→ RECORDS FOR THIS EXERCISE
━━━━━━━━━━━━━━━━━━━━━━━━━━━━━━

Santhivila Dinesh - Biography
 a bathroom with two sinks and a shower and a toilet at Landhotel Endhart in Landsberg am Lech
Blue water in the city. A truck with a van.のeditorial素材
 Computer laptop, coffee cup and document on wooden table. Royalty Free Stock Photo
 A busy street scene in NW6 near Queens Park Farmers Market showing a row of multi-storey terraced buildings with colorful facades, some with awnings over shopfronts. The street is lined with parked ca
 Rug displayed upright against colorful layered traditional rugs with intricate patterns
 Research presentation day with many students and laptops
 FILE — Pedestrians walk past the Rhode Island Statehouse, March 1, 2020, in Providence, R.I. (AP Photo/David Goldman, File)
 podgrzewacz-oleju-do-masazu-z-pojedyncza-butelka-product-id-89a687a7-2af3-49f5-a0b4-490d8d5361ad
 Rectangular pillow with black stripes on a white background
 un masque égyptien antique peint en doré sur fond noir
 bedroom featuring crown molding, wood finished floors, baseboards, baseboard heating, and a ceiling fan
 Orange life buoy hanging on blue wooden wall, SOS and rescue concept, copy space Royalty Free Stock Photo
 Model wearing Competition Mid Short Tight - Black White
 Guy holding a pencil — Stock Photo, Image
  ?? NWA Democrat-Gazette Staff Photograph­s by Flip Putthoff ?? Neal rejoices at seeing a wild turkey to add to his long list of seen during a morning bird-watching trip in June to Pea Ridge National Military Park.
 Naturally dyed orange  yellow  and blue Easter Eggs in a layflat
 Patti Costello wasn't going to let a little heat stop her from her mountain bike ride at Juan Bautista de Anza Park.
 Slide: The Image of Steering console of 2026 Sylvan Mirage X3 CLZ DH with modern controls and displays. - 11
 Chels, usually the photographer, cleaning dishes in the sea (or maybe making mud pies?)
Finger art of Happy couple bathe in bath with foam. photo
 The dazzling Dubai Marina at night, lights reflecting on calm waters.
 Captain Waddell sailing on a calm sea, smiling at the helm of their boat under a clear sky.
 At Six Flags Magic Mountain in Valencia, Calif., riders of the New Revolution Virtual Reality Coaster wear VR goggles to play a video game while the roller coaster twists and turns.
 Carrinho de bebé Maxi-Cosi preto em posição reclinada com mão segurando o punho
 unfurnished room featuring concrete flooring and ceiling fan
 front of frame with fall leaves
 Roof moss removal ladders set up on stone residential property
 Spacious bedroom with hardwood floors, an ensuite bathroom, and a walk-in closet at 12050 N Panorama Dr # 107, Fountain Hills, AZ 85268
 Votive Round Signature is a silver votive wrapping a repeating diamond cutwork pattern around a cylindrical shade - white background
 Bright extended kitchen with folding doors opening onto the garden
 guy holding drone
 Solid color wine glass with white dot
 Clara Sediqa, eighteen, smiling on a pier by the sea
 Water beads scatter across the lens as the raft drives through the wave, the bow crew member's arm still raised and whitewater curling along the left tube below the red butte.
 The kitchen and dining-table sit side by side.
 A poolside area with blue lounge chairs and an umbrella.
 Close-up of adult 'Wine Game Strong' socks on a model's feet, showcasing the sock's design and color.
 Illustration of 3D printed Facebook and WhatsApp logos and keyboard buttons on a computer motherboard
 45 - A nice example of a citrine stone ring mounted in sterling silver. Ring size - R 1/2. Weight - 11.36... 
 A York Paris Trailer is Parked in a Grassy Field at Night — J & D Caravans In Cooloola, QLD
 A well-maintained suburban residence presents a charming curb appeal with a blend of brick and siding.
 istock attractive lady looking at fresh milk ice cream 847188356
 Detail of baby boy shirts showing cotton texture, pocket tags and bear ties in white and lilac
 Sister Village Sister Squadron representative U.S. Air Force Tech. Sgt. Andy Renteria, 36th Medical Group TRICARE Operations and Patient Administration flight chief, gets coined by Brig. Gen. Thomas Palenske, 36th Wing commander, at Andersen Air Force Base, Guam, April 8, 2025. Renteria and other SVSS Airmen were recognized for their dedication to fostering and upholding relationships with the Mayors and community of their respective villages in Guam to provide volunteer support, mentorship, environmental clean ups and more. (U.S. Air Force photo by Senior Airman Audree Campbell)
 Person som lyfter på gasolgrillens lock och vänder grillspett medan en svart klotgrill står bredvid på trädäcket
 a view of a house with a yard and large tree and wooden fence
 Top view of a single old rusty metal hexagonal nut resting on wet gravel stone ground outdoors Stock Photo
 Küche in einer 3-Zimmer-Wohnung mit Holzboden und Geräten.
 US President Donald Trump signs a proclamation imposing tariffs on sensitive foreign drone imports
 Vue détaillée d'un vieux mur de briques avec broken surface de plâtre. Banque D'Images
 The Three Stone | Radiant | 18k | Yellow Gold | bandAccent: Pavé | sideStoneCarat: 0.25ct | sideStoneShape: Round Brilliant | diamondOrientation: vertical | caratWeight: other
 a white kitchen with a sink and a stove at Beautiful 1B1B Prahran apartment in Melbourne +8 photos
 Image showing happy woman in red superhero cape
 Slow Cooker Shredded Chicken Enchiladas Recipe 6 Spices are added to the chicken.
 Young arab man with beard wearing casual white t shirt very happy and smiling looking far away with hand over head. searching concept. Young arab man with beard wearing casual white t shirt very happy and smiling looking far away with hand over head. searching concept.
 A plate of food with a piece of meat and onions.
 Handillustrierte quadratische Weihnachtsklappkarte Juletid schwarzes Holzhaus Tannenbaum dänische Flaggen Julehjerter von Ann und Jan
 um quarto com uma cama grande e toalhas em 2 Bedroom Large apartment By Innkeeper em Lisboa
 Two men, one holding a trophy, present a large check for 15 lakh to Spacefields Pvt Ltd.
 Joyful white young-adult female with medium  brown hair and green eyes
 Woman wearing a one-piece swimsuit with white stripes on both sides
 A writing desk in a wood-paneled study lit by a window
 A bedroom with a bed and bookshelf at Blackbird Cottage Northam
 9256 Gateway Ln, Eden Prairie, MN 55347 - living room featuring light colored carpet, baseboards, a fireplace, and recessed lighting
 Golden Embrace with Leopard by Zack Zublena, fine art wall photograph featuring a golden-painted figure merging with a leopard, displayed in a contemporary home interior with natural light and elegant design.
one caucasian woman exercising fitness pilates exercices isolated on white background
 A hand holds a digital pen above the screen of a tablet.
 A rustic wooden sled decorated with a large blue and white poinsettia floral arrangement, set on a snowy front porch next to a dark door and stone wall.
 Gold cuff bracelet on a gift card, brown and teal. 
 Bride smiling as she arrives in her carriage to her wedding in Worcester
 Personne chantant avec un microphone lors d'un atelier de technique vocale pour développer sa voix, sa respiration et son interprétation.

━━━━━━━━━━━━━━━━━━━━━━━━━━━━━━

→ WHAT IS NEEDED
Only the lines from the beginning of the material above through the line with "Rug displayed upright" are wanted; extract them exactly.

→ EXERCISE OUTPUT
Santhivila Dinesh - Biography
 a bathroom with two sinks and a shower and a toilet at Landhotel Endhart in Landsberg am Lech
Blue water in the city. A truck with a van.のeditorial素材
 Computer laptop, coffee cup and document on wooden table. Royalty Free Stock Photo
 A busy street scene in NW6 near Queens Park Farmers Market showing a row of multi-storey terraced buildings with colorful facades, some with awnings over shopfronts. The street is lined with parked ca
 Rug displayed upright against colorful layered traditional rugs with intricate patterns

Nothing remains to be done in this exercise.